# taz.de -- Debatte Zukunft Syriens: Assad muss bleiben
       
       > Die Mullahs sind dem syrischen Regime ohne Wenn und Aber verbunden. Wenn
       > es fällt, verlieren sie ihre Machtstellung in der Region. Ein Bürgerkrieg
       > nützt ihnen.
       
 (IMG) Bild: Freiheit für Syrien. Nur wie?
       
       Mitten in dem Chaos hat sich der syrische Außenminister Walid al-Muallem am
       vergangenen Sonntag zu einem Blitzbesuch nach Teheran begeben. Die
       Islamische Republik ist wohl das einzige übrig gebliebene Land, das ohne
       Wenn und Aber hinter dem syrischen Regime steht.
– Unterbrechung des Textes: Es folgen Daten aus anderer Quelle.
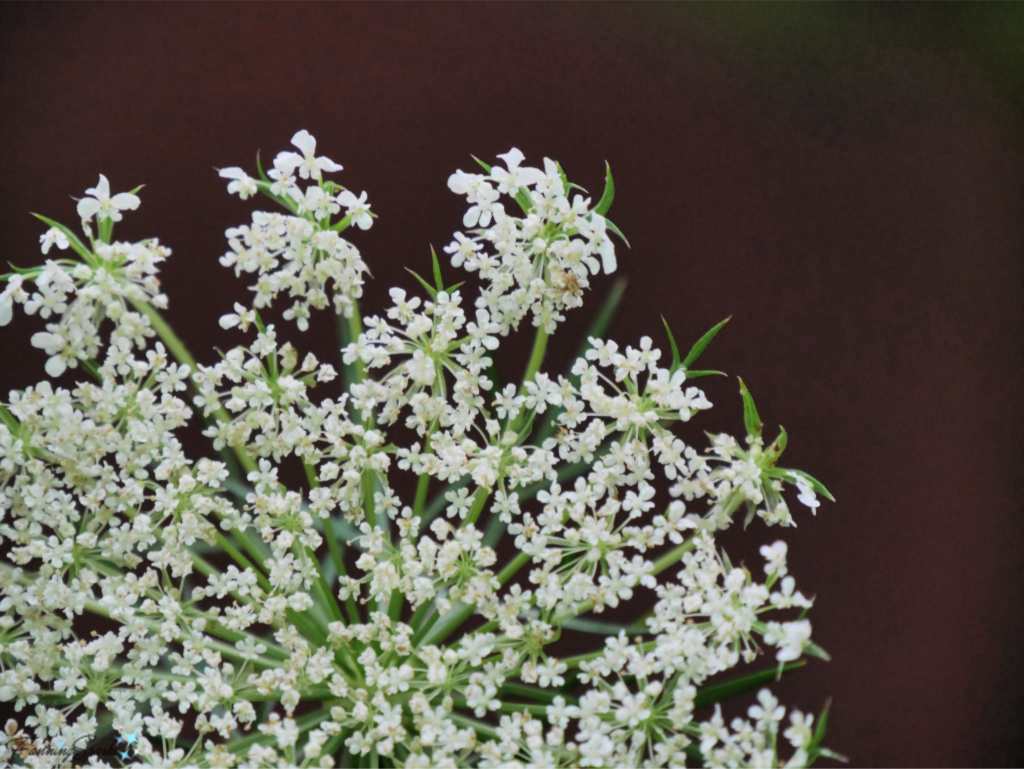 Queen Anne's Lace Flower Head has Light Bouncy Texture.   @FanningSparks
Selbst Russland und China,
       die bislang Sanktionen gegen Syrien ablehnen, beginnen allmählich, ihren
       Kurs zu überdenken.
       
       Teheran hatte zwar seine Bereitschaft erklärt, jeden Friedensplan zu
       unterstützen, aber nur, wenn Assad an der Macht bleiben würde. Das Bündnis
       mit dem Assad-Regime scheint für den Iran so wichtig zu sein, dass der
       iranische Vizestabschef Massud Dschasajeri erklärte, Iran werde einen
       Regimewechsel in Damaskus durch „böse Regierungen“ wie Saudi-Arabien, Katar
       oder die Türkei nicht zulassen. Ist Iran demnach sogar bereit, für Assad in
       den Krieg zu ziehen?
       
       Für die Islamische Republik steht viel auf dem Spiel. Stürzt das
       Assad-Regime, bricht die gesamte Architektur zusammen, die Iran in den
       vergangenen Jahren im Nahen Osten mühsam aufgebaut hat.
       
       ## Die Religion spielt keine Rolle
       
       Die enge Beziehung zwischen Syrien und Iran begann schon kurz nach der
       Unabhängigkeit Syriens 1946. Sie wurde im Lauf der Jahre immer intensiver.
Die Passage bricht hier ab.